It would be valuable if we could combine the best parts of GPUBuffer.mapAsync() and GPUQueue.writeBuffer() into something which doesn't require an extra allocation or copy on UMA systems. This kind of combination would have to be something that isn't UMA-specific, but would work on both UMA and non-UMA, and UMA systems would be able to avoid extra allocations/copies under-the-hood.

Goals

The "async" part of GPUBuffer.mapAsync() would be valuable, because that allows the implementation to not have to stash any data due to the destination buffer being busy.
The "map" part of GPUBuffer.mapAsync() would be valuable because it allows the array buffer to be backed directly by GPU memory, thereby potentially avoiding another copy on UMA systems.
The "queue" part of GPUQueue.writeBuffer() would be valuable, because non-UMA systems would need to schedule an internal copy to the destination, and specifying the queue gives them a place to do that.

Proposal

I think the most natural solution to this would be:

Give mapAsync() an extra GPUQueue argument. (getMappedRange() and unmap() will implicitly use this queue).

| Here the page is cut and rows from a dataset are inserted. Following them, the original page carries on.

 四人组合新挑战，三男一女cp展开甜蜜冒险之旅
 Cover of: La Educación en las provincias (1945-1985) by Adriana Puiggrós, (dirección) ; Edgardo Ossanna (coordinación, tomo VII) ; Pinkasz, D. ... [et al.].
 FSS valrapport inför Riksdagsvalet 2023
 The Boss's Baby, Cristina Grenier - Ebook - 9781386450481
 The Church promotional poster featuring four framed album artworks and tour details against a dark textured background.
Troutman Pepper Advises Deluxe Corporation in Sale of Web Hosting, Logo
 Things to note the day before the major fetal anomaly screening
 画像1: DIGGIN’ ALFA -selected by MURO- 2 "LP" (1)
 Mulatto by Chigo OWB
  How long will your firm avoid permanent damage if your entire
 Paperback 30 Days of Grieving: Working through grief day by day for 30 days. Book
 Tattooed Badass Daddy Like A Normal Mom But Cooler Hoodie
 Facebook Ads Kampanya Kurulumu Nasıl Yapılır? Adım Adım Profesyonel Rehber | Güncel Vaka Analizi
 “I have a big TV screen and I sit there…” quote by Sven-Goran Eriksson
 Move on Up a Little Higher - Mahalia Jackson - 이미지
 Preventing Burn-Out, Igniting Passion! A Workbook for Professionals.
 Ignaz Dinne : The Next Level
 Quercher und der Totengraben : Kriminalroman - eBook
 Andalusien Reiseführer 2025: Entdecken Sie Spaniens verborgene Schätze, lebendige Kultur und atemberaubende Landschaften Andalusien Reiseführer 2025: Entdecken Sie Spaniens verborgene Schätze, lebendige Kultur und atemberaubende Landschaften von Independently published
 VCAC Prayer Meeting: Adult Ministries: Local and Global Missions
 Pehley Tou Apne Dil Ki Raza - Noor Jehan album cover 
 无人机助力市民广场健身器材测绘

We could also say that the queue is optional, and if it's unspecified, the device's default queue will be used instead.
Relax the requirement that the only other usage a mappable buffer can have is COPY

That's it!

On a UMA system, you'd be able to map the destination (storage) buffer directly - No copies, no extra allocations, it's living the UMA dream.
- For reading, mapAsync() would just ignore its GPUQueue argument.
- For writing, mapAsync() would use its GPUQueue argument to schedule a clearBuffer() command of the relevant region of the buffer. After the clear operation is complete, the map promise would be resolved.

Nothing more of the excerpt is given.